The monitoring device also comprises a touch screen 3 which is connected with the monitoring host 2 through RS485 communication; the embedded integrated configuration screen of TPC7062Hw in the Kunlun state is selected, so that the on-site data acquisition and display are effectively completed.

The utility model is not related in part to the same or implemented in part by the prior art.
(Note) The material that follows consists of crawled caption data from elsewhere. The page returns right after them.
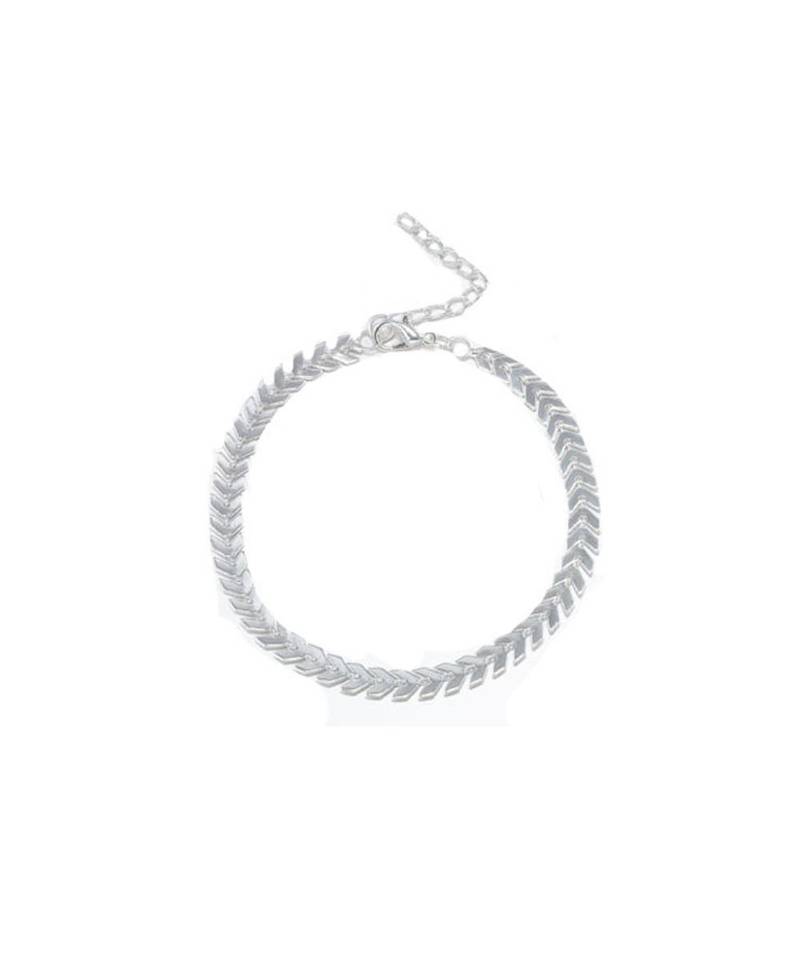 Silver Fishbone Anklet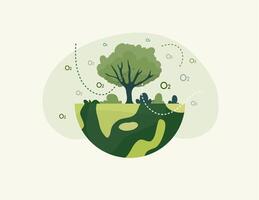 Earth Tree Growing from Green Planet Surface vector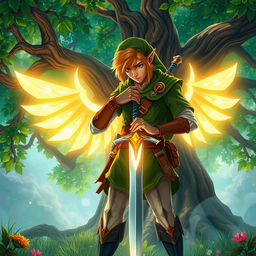 a heroic figure inspired by Link from Legend of Zelda, standing in a vibrant, mystical forest, carefully polishing his majestic sword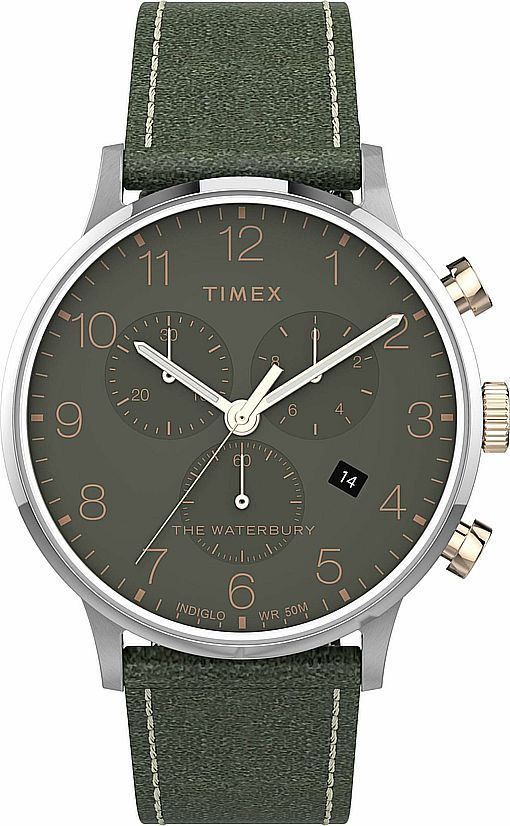 Men's Timex The Waterbury Chronograph Green Leather Watch TW2T71400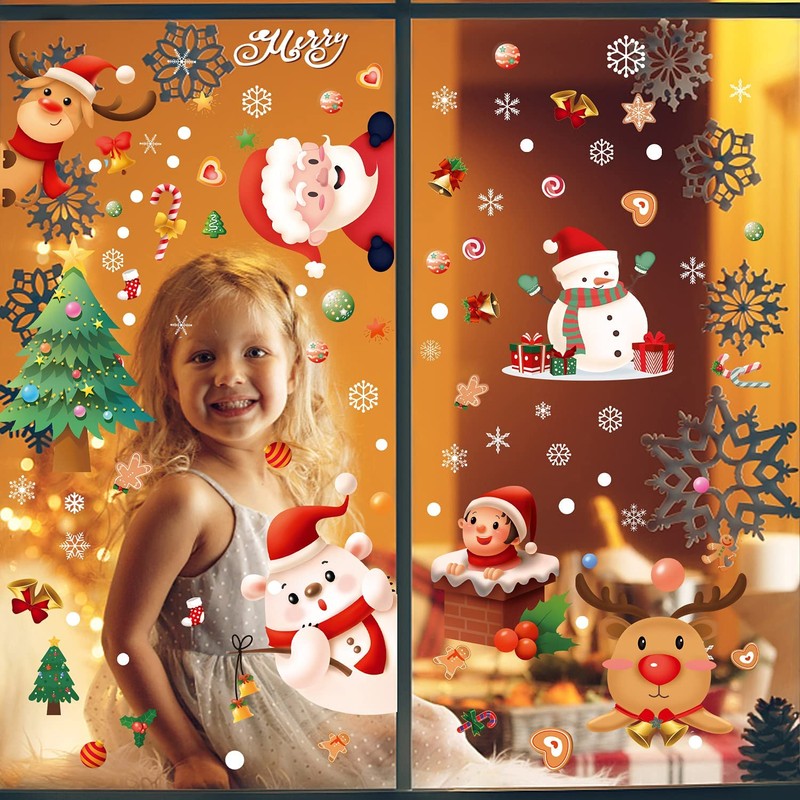 Christmas Window Clings Decorations 9 Sheets 242 Pcs Xmas DIY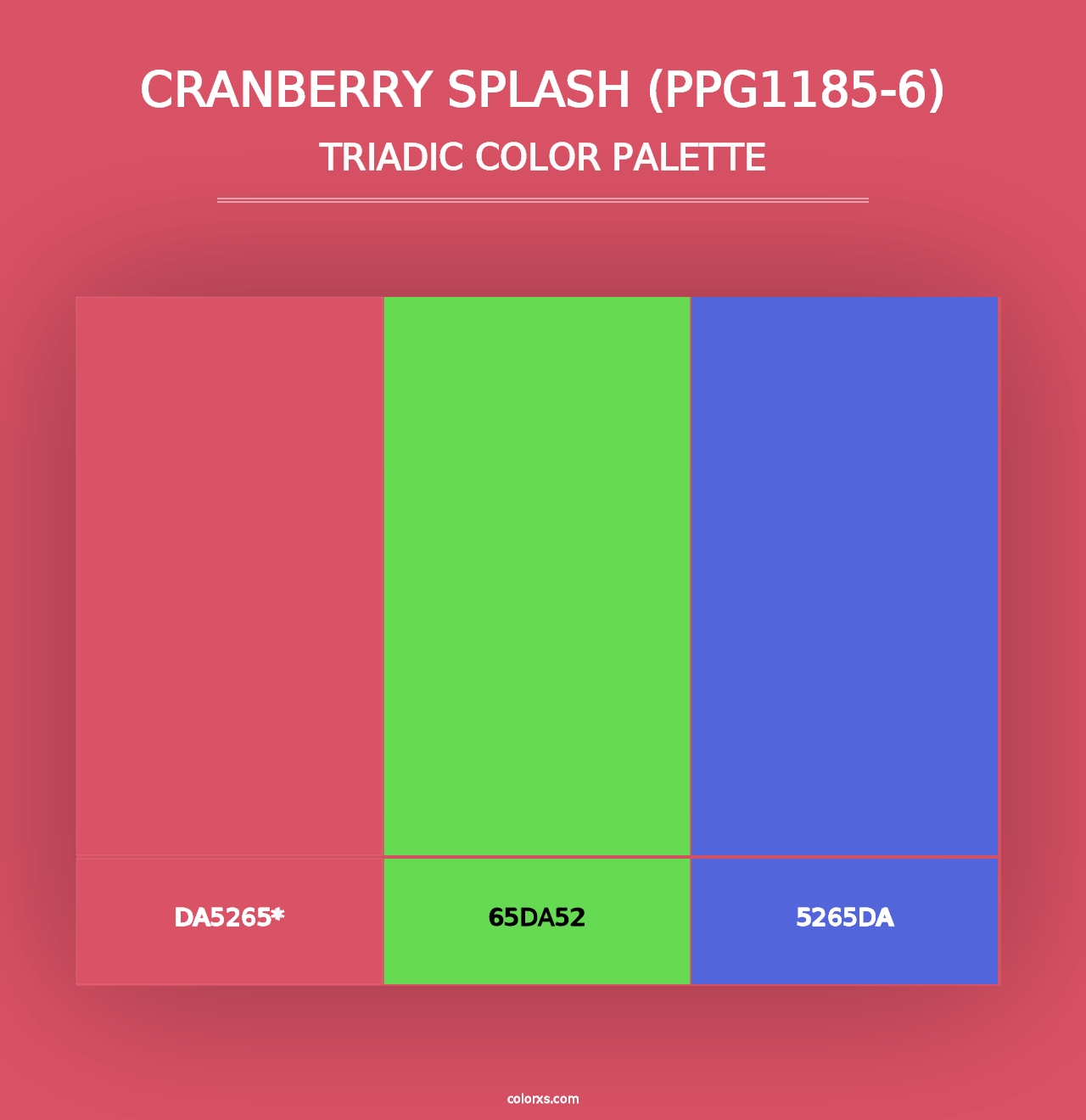 Cranberry Splash (PPG1185-6) - Triadic Color Palette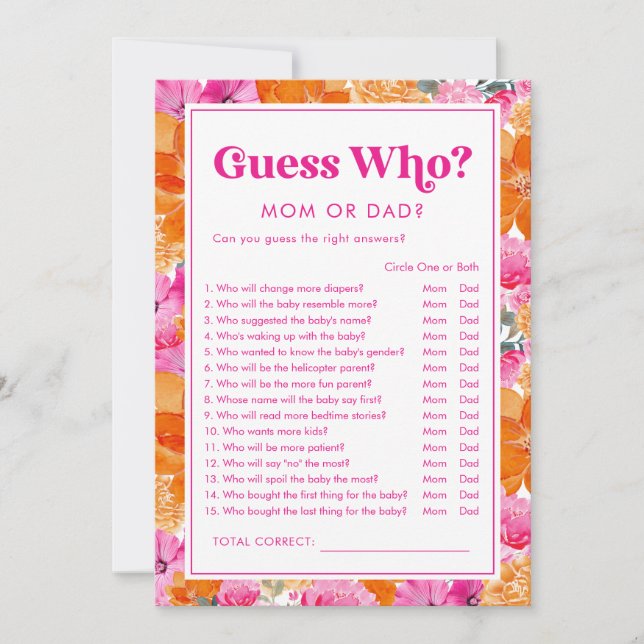 Invitation Devinez qui jeu de baby shower rose et floral (Devant)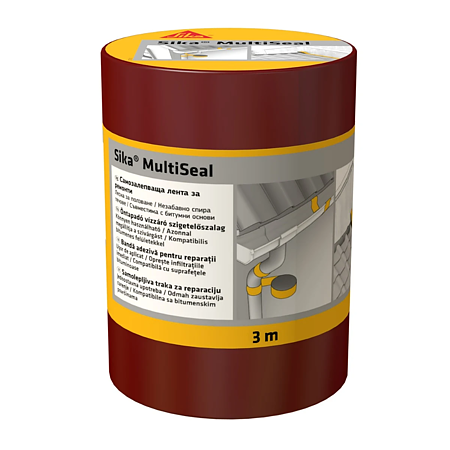 Banda bituminoasa autoadeziva pentru etansare Sika MultiSeal, folie aluminiu, polimer, teracota, 3 m x 200 mm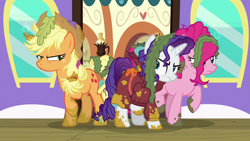 Size: 1280x720 | Tagged: safe, screencap, applejack, pinkie pie, rarity, earth pony, pony, unicorn, ppov, applejack's hat, clothes, coat, cowboy hat, hat, seaweed, stetson, train, window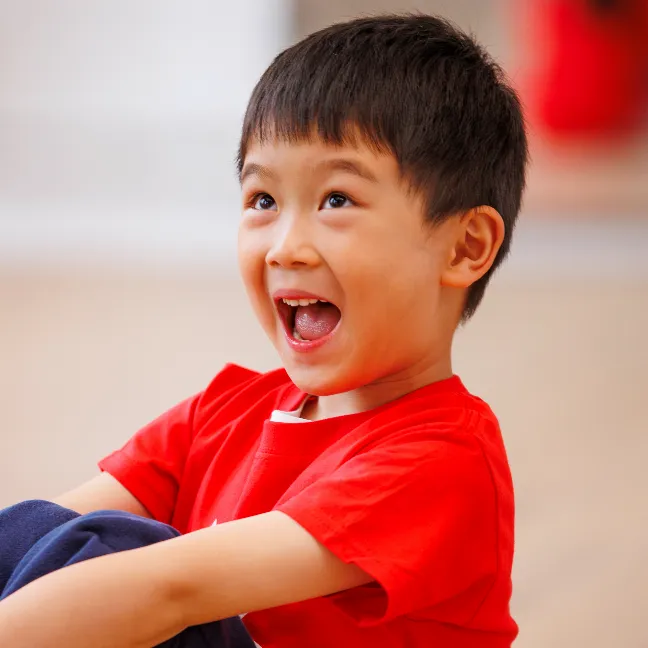 Kid performing in acting school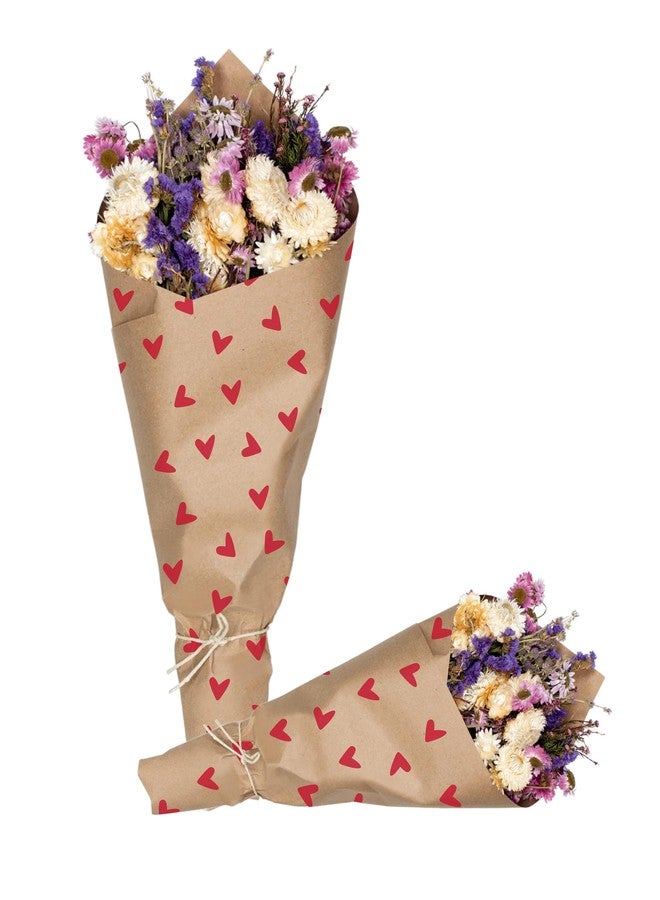 TOWNBUS |pack of 20 |45cm x 60cm |100 gsm Kraft Paper with Heart Print in Red | with 20 tags & jute ropes | Perfect for Gift packing, bouquet wrapping and so on - Image 5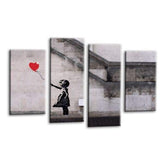 LR Banksy Wall Art Picture – Grey & Red Graffiti Art Framed 4 Panel Split Canvas Print | Ready to Hang | Modern Wall Art for Living Room, Bedroom & Office
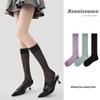 Renaissance Women's Black Silk Breathable Mesh Summer Calf Socks with Sun Protection.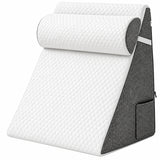 Perna Ergonomica Elindor®, Perna Wedge pentru Circulatie si Recuperare, Suport pentru Genunchi, Picioare si Trunchi, cu Spuma cu Memorie, Husa Textila, 50 x 50 x 26 cm, Gri / Alb
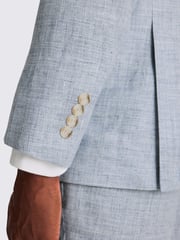 MOSS Blue Tailored Fit Light Linen Jacket - Image 4 of 5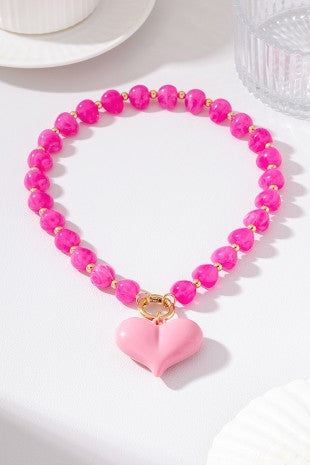 Beaded pink heart necklace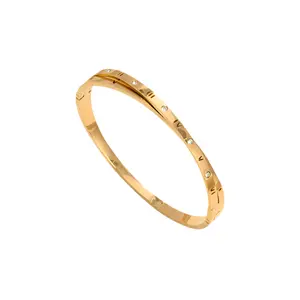 Roman Numeral 14k Gold Bangle Bracelet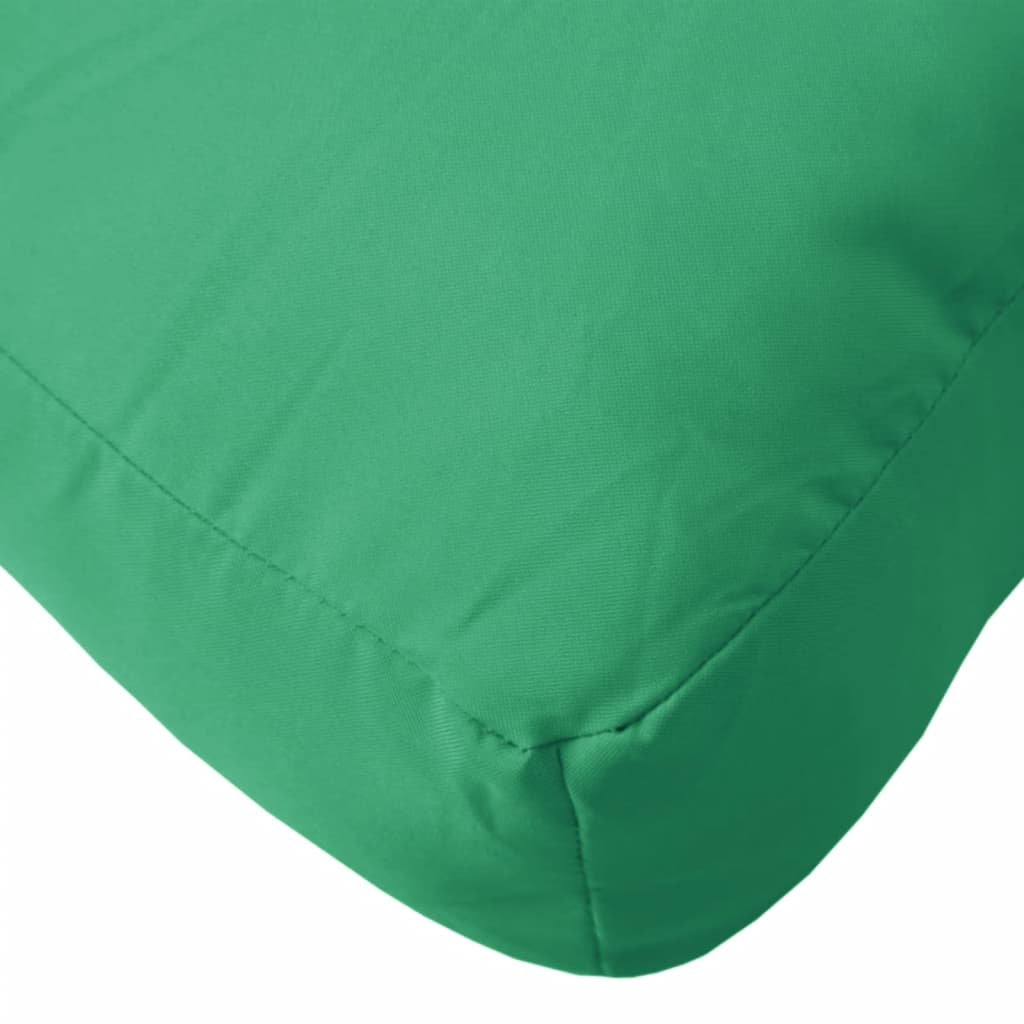 Green water-resistant Oxford fabric pallet cushion, 23.6 x 23.6 x 2.4 inches.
The foregoing is a further detailed description of the utility model in connection with specific embodiments, and it is not intended that the utility model be limited to such description. It will be apparent to those skilled in the art that several simple deductions or substitutions may be made without departing from the spirit of the utility model, and these should be considered to be within the scope of the utility model.

Claims (8)

1. A power distribution operation and maintenance monitoring device is characterized in that: comprising

Monitoring the slave machine: the system is used for collecting data of all feeder lines and is connected to a monitoring host through RS485 communication;

and (3) monitoring a host: acquiring branch electric parameters detected by a monitoring slave; the branch electric parameters comprise branch electric quantity and branch switching value;

the branch circuit electric parameters of the monitoring slave are collected and used as an RS485 communication host; the processing unit is used for transmitting the processing result to an upper computer which is additionally arranged as an RS485 communication slave;

the monitoring slave further comprises: and the box opening driving lighting device is used for lighting the distribution box corresponding to the monitoring slave machine.

2. The power distribution operation and maintenance monitoring device according to claim 1, wherein: STM32F407 chip adopted by monitoring host.

3. The power distribution operation and maintenance monitoring device according to claim 1, wherein: the monitoring slave adopts an STM32F103 chip.

4. The power distribution operation and maintenance monitoring device according to claim 2, wherein: the chip in the monitoring host is used for detecting two paths of three-phase input and switching value input of 6 wet joints;

for three-phase input, two 12-bit analog-to-digital converters ADC of a chip are used for respectively accessing voltage and current, so that three-phase voltage acquisition and three-phase current acquisition are realized;

the switching value is collected by using 6 wet contacts, an optocoupler isolation method is adopted based on an optocoupler, 24V direct current is used as a source, the switching value is considered to have input when the voltage is higher than 24V, and the switching value is considered to have no input when the voltage is lower than 24V.

5. The power distribution operation and maintenance monitoring device according to claim 4, wherein: in the monitoring host, the photoelectric coupler IS an IS181 type photoelectric coupler.

6. A power distribution operation and maintenance monitoring device according to claim 3, wherein: the monitoring slave accesses the external input to the analog-to-digital converter of the monitoring slave chip through the multi-way switch.

7. A power distribution operation and maintenance monitoring device according to claim 3, wherein: the box opening driving lighting device comprises: the box opening driving lighting circuit and the LED lighting lamp; the unpacking driving lighting circuit is connected with the monitoring slave chip and the LED lighting lamp and used for driving the LED lighting lamp to be turned on or turned off.

8. The power distribution operation and maintenance monitoring device according to claim 1, wherein: the monitoring device further comprises a touch screen which is connected with the monitoring host through RS485 communication.